Would you reproduce the data below exactly, please, leaving out its images?

PROVIDED MATERIAL =
┌────────
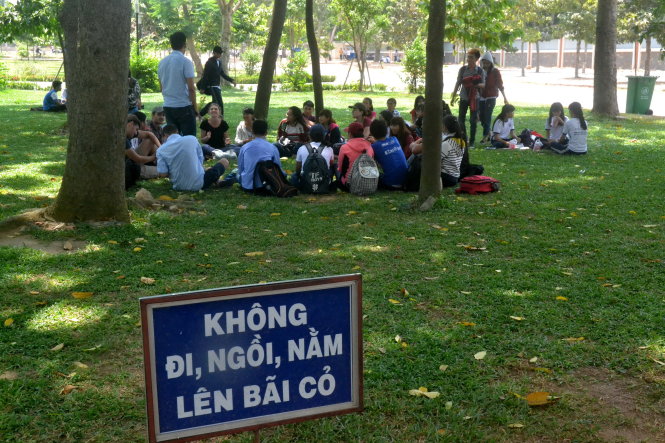 Cả bạn trẻ VN, nước ngoài vô tư ngồi trên cỏ, nơi có biển cấm. Ảnh chụp trong khuôn viên Trường ĐH Sư phạm kỹ thuật TP.HCM sáng 19-4 - Ảnh: Quang Phương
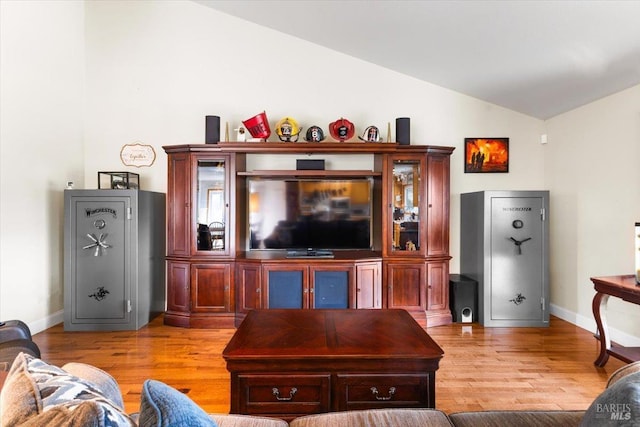 living room featuring baseboards, lofted ceiling, and light wood-style flooring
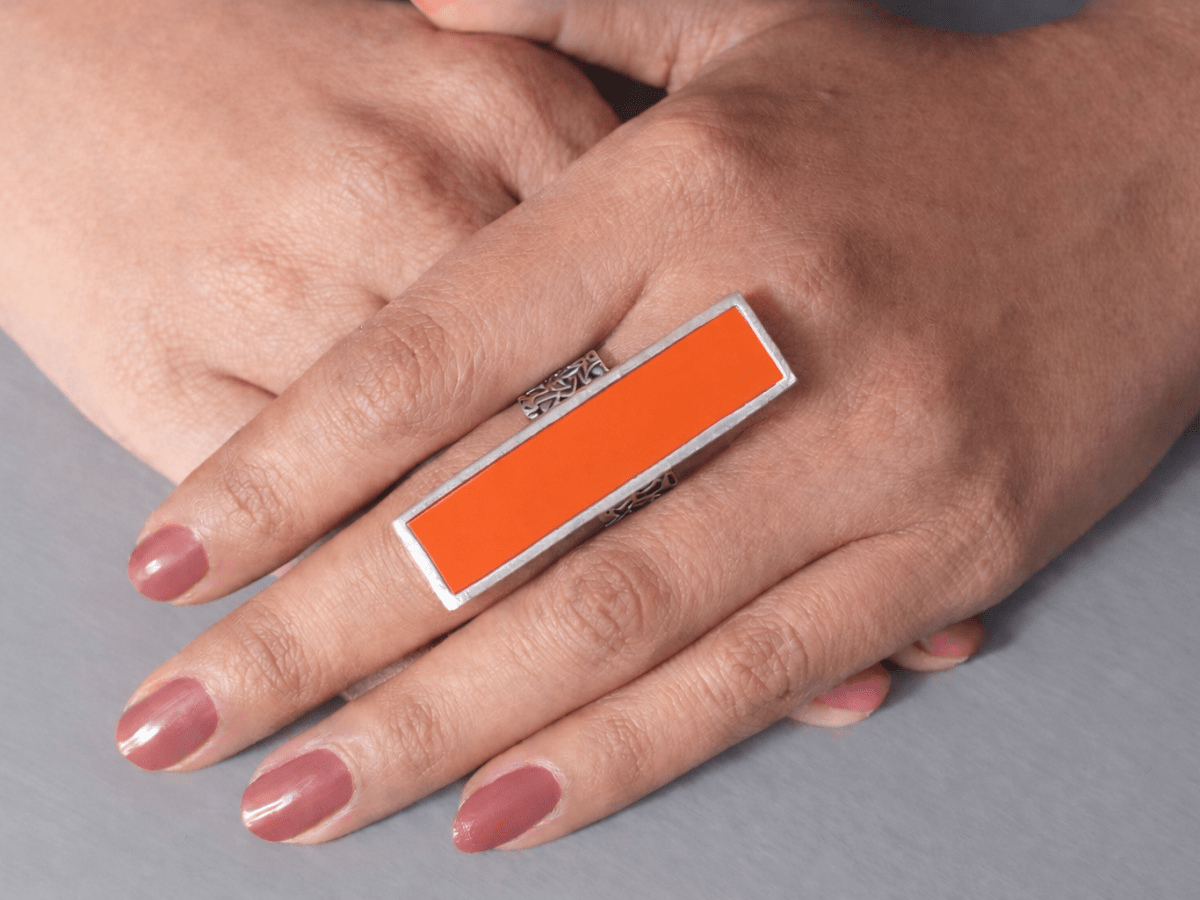 A models hand wearing a long slim orange ring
└────────
SOLUTION TO THIS EXERCISE =
 Cả bạn trẻ VN, nước ngoài vô tư ngồi trên cỏ, nơi có biển cấm. Ảnh chụp trong khuôn viên Trường ĐH Sư phạm kỹ thuật TP.HCM sáng 19-4 - Ảnh: Quang Phương
 living room featuring baseboards, lofted ceiling, and light wood-style flooring
 A models hand wearing a long slim orange ring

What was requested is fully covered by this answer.